### Brief
Your response to the data below should hold nothing except the lines from the one containing "Encino, CA 91316" down to the one containing "Фотография рекламного носителя, тип: Суперсайт", reproduced exactly and without pictures.

(Available data)

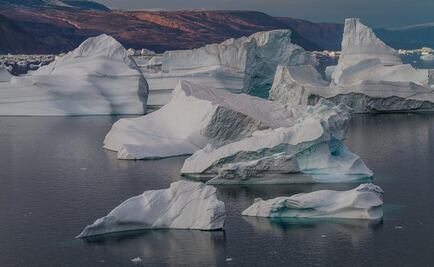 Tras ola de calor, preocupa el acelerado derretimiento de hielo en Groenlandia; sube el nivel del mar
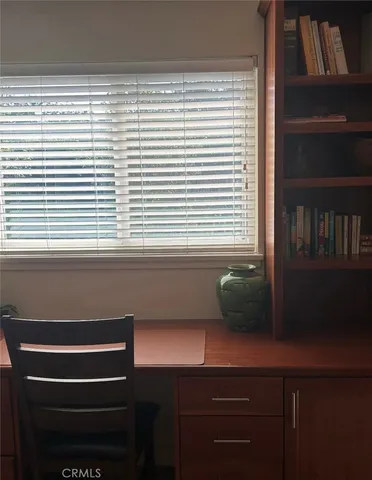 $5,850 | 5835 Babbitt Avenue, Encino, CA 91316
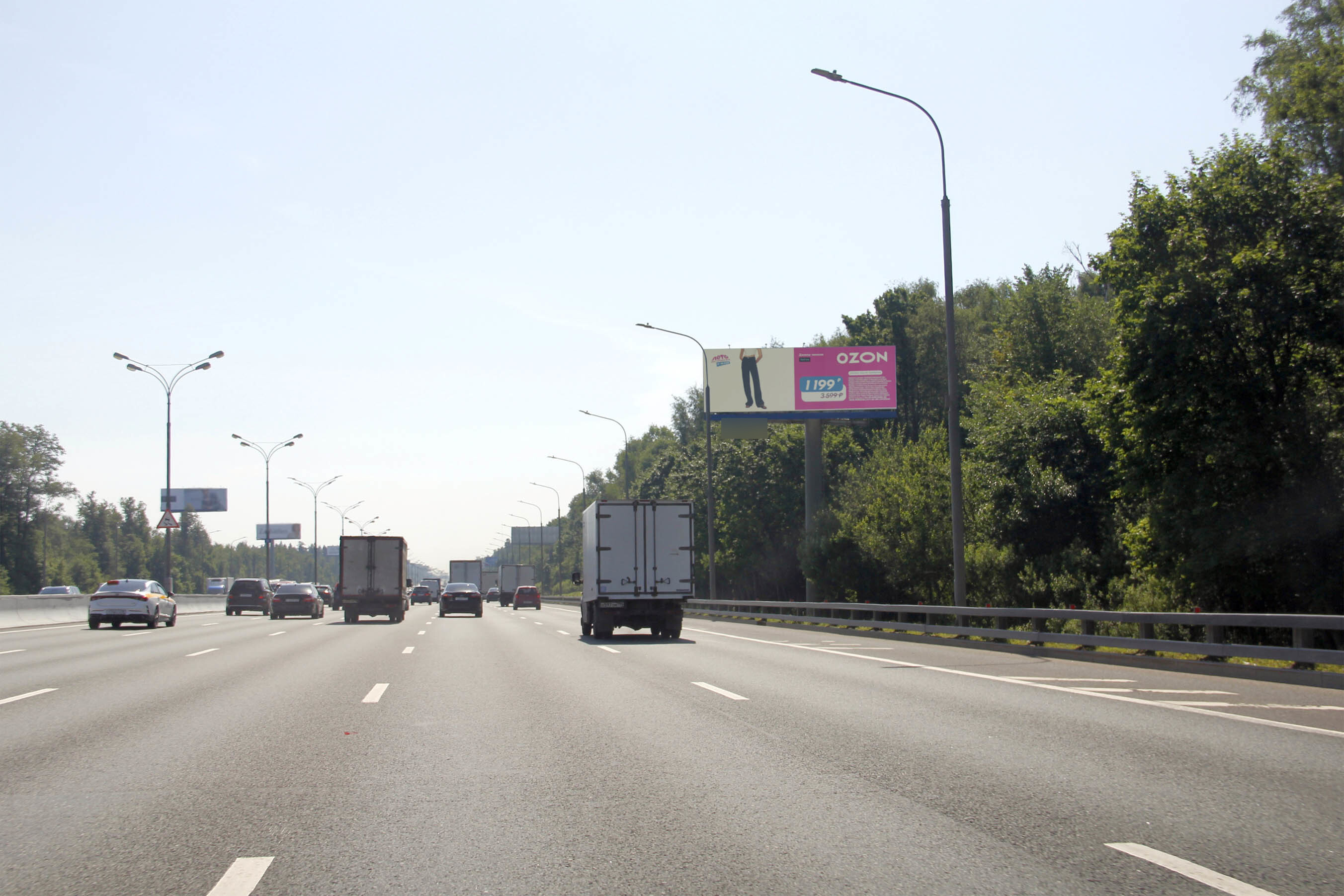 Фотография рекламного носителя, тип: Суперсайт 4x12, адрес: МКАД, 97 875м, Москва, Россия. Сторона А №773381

(End Available data)
(Available data)

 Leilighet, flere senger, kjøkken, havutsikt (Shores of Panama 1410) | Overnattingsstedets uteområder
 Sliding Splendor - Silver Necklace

(End Available data)

### Exercise result
 $5,850 | 5835 Babbitt Avenue, Encino, CA 91316
 Фотография рекламного носителя, тип: Суперсайт 4x12, адрес: МКАД, 97 875м, Москва, Россия. Сторона А №773381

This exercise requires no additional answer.